In the independent external Japanese validation cohort, accuracy measured 82.5% with a sensitivity of 79.8% and a specificity of 83.2%. The AUC was 0.9, which supported the generalizability of the model across international and ethnically diverse groups. The positive predictive value was 2.3%.
When detecting gradients of HCM in this cohort of the external validation dataset—for the detection of obstruction—the sensitivity was 91%, the specificity was 82%, and the AUROC for accuracy was 0.91.
For the continuous wave gradient at rest, the correlation was 0.77 with a yield of 81.5% compared with 0.8 and 78.8% at Valsalva or when provoked. The overall external validation showed a correlation of 0.77 and yield of 80.4%.
The researchers proved that the model was not led predominantly by one measurement or imaging view over another in its decision process but rather by an integrated multi-view and temporal information approach.

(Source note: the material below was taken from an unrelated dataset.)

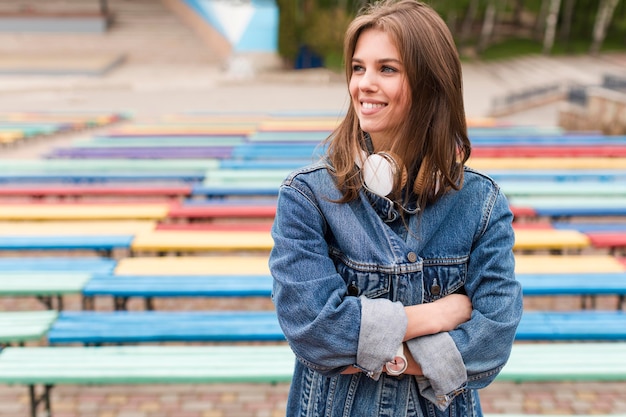 Foto gratuita donna nel parco con le cuffie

No significant differences were observed in the model’s performance across different echocardiographic vendors, image acquisition protocols, or patient gender. Any variations in performance observed across age subgroups was found to be statistically insignificant.
Conclusions
Alenezi and the study authors concluded that their findings showed the feasibility of using a video-based AI model for automated detection of HCM from echocardiography imaging. He stressed that the model needs further study and validation. Going forward, they plan to prospectively validate the model with deployment in real-time echocardiographic workflows and try to integrate the model with other data for more comprehensive phenotyping and longitudinal monitoring.